NPO法人戸隠森林植物園ボランティアの会は1980年に「環境保全の推進と地域の社会教育に資する」を目的に発足し、2004年にNPO法人になりました。

「戸隠ふれあいの森」における森林整備・植樹活動と「戸隠森林植物園」を拠点にした自然観察会などが主な事業です。

戸隠ふれあいの森事業は2000年にNPO法人やまぼうし自然学校(菅平高原/代表理事・加々美貴代さん)などと協議会を作り、北信森林管理署と協定を結び、皆伐(かいばつ)され笹に覆われた2ヘクタールほどの国有林に植樹を進めています。「樹を植えて鳥居川の水源の森を造ろう」を目標に、6月の植樹祭にはボーイスカウト長野第一団の参加もあり少しずつ林らしくなってきています。

植樹祭で苗木を植えるボーイスカウト

自然観察会は、毎年5月から10月までの毎日曜日、10時から12時までメンバーがガイドをして園内を歩きます。このほか、バードウォッチング、ホタル観察会、戸隠高原の自然に触れながら歩くネイチャーウォーク、スノーシューを履いて歩く雪上観察会などを行っており、県外からの参加者やリピーターが増えています。

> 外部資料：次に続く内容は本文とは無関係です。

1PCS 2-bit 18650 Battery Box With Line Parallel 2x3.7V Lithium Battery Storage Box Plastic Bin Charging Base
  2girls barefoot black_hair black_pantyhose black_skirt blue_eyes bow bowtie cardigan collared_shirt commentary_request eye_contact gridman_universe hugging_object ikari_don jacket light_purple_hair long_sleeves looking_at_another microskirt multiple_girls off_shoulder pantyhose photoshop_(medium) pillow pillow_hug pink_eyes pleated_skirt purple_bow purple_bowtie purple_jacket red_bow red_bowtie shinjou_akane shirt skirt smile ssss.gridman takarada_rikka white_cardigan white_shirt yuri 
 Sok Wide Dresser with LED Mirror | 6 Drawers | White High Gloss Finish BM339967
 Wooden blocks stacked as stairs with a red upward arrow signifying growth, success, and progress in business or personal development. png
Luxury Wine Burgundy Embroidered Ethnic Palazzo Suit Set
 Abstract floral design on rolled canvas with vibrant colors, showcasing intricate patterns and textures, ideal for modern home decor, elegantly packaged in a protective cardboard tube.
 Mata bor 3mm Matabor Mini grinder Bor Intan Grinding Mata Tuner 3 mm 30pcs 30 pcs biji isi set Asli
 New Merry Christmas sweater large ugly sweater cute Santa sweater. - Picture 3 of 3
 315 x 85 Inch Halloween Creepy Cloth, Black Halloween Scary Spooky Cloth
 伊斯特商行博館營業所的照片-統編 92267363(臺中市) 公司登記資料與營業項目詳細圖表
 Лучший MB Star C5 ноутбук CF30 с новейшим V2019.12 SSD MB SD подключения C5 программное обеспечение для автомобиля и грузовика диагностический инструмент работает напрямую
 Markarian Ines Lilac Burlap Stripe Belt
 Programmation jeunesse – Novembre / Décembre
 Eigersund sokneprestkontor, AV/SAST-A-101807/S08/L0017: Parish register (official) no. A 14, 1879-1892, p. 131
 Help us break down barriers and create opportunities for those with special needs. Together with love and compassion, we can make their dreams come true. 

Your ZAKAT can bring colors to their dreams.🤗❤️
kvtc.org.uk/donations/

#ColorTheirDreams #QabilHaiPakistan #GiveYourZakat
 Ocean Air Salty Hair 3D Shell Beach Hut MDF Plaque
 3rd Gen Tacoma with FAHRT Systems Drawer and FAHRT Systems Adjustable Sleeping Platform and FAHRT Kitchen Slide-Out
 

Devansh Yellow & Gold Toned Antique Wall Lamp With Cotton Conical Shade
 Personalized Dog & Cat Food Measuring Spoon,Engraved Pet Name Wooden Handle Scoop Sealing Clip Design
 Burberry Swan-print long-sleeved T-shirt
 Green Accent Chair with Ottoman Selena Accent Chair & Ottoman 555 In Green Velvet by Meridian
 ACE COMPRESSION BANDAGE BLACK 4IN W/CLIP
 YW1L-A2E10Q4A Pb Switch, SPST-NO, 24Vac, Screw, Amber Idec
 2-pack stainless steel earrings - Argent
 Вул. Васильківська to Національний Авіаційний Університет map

単に花・植物の名前を伝えるのではなく、五感で移り変わる自然に触れ、その神秘を感じてもらうこと、そこから自然の大切さを理解してほしいのです。

森林植物園ができてから半世紀を超えました。長年の活動から感じるのは戸隠の冬の変化です。雪が少なくなっており、サラサラした雪から湿った雪に変わってきています。また、園内にはバリアフリー木道があるのですが老朽化のため撤去が予定されています。バリアフリー化を進める社会の流れに逆行しています。市、県、国をあげてこの環境、施設を守っていくべきです。

子どもたちや若い世代に私たちの催しや活動に参加し、より深く自然に親しんで欲しい。活動を通じて、心に癒しと余裕が生まれてボランティア活動に参加できる社会であってほしいと願います。

自然観察からはじまる自然保護で「環境保全の推進」を実践していきたいと考えています。より魅力ある企画を考え活動していくためにいっしょに活動する仲間も募集しています。